The following integral involving Laguerre polynomials came up in a quantum mechanics problem I was working on: $$\int_{0}^{\infty} | {Akp^{l}e^{-p/2} L_{n-l-1}^{2l+1}}(p)|^{2} r^2dr$$ Where $p=2kr$ and $A$ is the normalization constant. According to my book, the normalization constant is $$A = \left[2k\tfrac{(n-l-1)!}{2n((n+l)!)^{3}}\right]^{1/2}$$ although I can't seem to get this.

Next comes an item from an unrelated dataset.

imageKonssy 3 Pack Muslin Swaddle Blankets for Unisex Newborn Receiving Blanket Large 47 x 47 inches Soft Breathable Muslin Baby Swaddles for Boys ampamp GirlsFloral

I first expanded the integral to get $$\int_{0}^{\infty} {A^{2}k^{2}p^{2l}e^{-p} [L_{n-l-1}^{2l+1}}(p)]^2r^2dr = \frac{1}{2k}A^{2}\int_{0}^{\infty} {p^{2l+2}e^{-p} [L_{n-l-1}^{2l+1}}(p)]^2dp$$ Multiplying each term of the recurrence relationship $$pL_{n}^{a}(p)=-(n+1)L_{n+1}^{a}(p)+(2n+a+1)L_{n}^{a}(p)-(n+a)L_{n-1}^{a}(p)$$ by $$p^{2l+1}e^{-p}L_{n-l-1}^{2l+1}(p)$$ and then integrating reduces all but the middle term to zero due to the orthogonality relationship: $$\int_{0}^{\infty} {p^{a}e^{-p}L_{n}^{a}}(p)L_{m}^{a}dp = \frac{(n+a)!}{n!}\delta_{n,m}$$ I then find that the integral is equal to $$\int_{0}^{\infty} {(pL_{n-l-1}^{2l+1}(p)) p^{2l+1}e^{-p}L_{n-l-1}^{2l+1}}(p)dp = \frac{(2n)(n+l)!}{(n-l-1)!}$$ Solving for $A$, I get $$A = \left[2k\tfrac{(n-l-1)!}{2n(n+l)!}\right]^{1/2}$$ This is notably lacking the cubed factorial in the denominator, and I'm at a loss as to where that would ever come up during integration. Can anyone spot any errors in my work?